Comunque Bradpitt era sul letto della tipa ed era ipnotizzato da quelle candele che da lì a poco sarebbero diventate di moda, quelle trasparenti con le conchiglie e altre cazzate dentro, guardava quella candela e gli passò per la mente un’idea, all’improvviso, come se gliela avesse iniettata qualcuno con un siringone intracranico: un panetto di fumo, o un rotolino pieno di coca, dentro una di quelle candele, ovviamente non trasparente, magari di quelle colorate tipo psichedeliche… chissà se quei fottuti cani poliziotto riescono a sentire l’odore della roba anche così, teoricamente no… qualcuno gli aveva raccontato che aveva portato un po’ d’erba dall’Olanda dentro lo shampoo, soltanto che se questo metodo era giunto fino a lui prima o poi sarebbe arrivato anche agli sbirri, e poi una bottiglia è sempre un oggetto cavo, ma una candela no…
-È un’idea del cazzo…
Dissi io.
-È davvero una botta di culo…
Convenne Spud.
-È l’intervento divino…
Riprese Bradpitt.
-Ecco appunto; io Dio come socio non ce lo voglio…

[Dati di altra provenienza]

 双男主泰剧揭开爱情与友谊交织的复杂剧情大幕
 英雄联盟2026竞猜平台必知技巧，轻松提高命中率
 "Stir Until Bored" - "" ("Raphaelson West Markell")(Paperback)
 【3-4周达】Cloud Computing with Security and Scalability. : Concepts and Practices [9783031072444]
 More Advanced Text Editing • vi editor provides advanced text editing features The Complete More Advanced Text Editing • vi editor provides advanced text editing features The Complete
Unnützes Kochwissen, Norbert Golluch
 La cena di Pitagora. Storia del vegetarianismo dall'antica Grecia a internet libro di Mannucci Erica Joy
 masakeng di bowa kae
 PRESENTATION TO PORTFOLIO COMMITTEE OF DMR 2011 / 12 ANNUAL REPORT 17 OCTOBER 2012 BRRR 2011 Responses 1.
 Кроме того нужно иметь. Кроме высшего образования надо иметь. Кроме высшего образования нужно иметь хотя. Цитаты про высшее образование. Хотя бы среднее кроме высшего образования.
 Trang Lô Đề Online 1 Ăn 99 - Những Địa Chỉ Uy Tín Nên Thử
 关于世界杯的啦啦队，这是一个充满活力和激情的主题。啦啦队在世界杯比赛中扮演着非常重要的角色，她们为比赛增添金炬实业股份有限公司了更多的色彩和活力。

Non resistetti a lungo. Quando il fornaio sotto casa si rifiutò di farmi ancora credito diventai più malleabile.
Una sera Bradpitt venne a casa con una frikkettona dell’accademia delle Belle Arti che ci mostrò come si confezionano le candele. Chiunque sarebbe rimasto quantomeno perplesso nel vedere tre morti di fame tanto interessati a quel passatempo da vecchie signore, ma era talmente cotta di Bradpitt che ci avrebbe anche insegnato a ricamare senza trovarci nulla di strano. Rimaneva un problema; trovare un po’ di spiccioli per la gita in Marocco. E qui che entrò in scena Carlito.